The peak of imagination
Since the dawn of time, Huangshan Mountain has challenged poets and artists, and continues to do so, Fang Aiqing reports.
There's a saying that claims Huangshan exhausts people's expectations of a mountain. Through the ages, it's a special place for hermits, monks, poets and painters, who have left behind voluminous art and literary works about the mountain.
Among them were Hongren (1610-63), Mei Qing (1623-97) and Shitao (1642-1708), the three representatives of the "Huangshan school of painting".
The three ink painters of the late Ming (1368-1644) and early Qing (1644-1911) dynasties devoted most of their artistic life to the mountain and, in return, the mountain made them who they were.
Mei said that since his visit to Huangshan, most of his strokes were about the mountain. Shitao said: "Huangshan is my teacher, and I'm a friend to Huangshan."

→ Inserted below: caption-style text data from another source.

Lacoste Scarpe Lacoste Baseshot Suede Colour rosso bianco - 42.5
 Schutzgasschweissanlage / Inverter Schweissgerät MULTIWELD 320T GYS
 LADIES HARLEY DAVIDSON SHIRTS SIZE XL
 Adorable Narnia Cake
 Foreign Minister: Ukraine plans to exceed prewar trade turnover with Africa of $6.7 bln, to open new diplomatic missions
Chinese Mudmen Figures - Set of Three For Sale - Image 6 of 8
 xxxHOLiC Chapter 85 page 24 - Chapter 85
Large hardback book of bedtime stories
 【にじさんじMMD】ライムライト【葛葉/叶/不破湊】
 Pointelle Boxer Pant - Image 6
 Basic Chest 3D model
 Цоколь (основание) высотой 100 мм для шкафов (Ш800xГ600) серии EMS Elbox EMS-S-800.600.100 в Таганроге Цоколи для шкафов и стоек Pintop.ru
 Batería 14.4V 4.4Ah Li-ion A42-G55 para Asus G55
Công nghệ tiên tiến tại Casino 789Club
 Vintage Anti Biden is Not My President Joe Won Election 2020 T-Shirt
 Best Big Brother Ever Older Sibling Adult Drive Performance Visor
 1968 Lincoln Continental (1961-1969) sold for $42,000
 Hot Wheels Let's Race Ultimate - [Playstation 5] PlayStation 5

Wang Tao, director of Huangshan city's calligraphy and painting academy, says that Hongren's work presented the static, austere side of the mountain by showing its "muscles and bones" with clear lines, whereas Mei depicted its unpredictable, illusory motions, and Shitao's drawings conveyed a sense of ease.
According to Wang, Hongren sketched Huangshan Mountain for what it was, rather than picturing it with established impression of a mountain that bore a projection of human emotions.